Bild: Hier steht ein Umbau an
Berlin taz | Die Ampel geht voll ins Risiko. Schon am Freitag soll der
Bundestag [1][das neue Wahlrecht] beschließen. Bei Abstimmungen in den
Fraktionen stimmten am Dienstagnachmittag die Abgeordneten von Grünen und
FDP jeweils einstimmig und die der SPD mit überwältigender Mehrheit zu. Das
teilten die Fraktionschefs Rolf Mützenich (SPD), Britta Haßelmann (Grüne)
und Christian Dürr (FDP) im Anschluss an die Sitzungen mit.
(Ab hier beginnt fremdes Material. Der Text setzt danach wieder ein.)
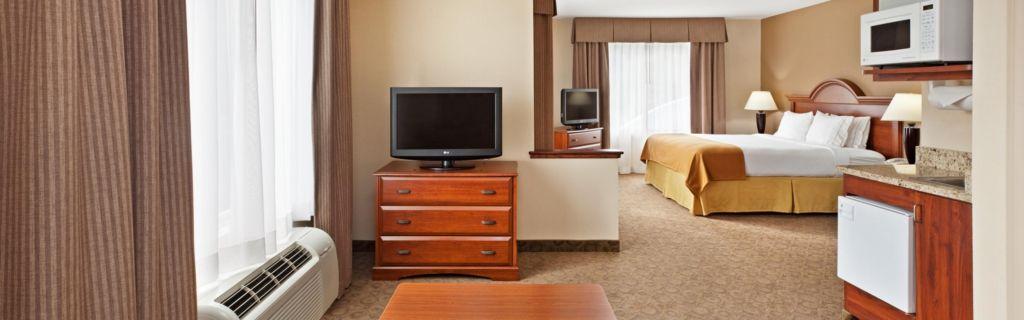 Comfort Inn & Suites Brevard Bagian luar foto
Sie
bezeichneten die Reform, durch die der auf 736 Abgeordnete angewachsene
Bundestag auf 630 Mandate verkleinert wird, als „fair und
verfassungsgemäß“.
Linke und CSU haben bereits Verfassungsklagen angekündigt. Vor allem wegen
der kurzfristig gestrichenen Grundmandatsklausel könnten Klagen beim
Bundesverfassungsgericht Erfolg haben. Selbst der SPD-nahe Rechtsprofessor
Franz Mayer spricht von „Wahlrechts-Roulette“.
Akzeptiertes Ziel der Reform ist die [2][Verkleinerung des Bundestags.]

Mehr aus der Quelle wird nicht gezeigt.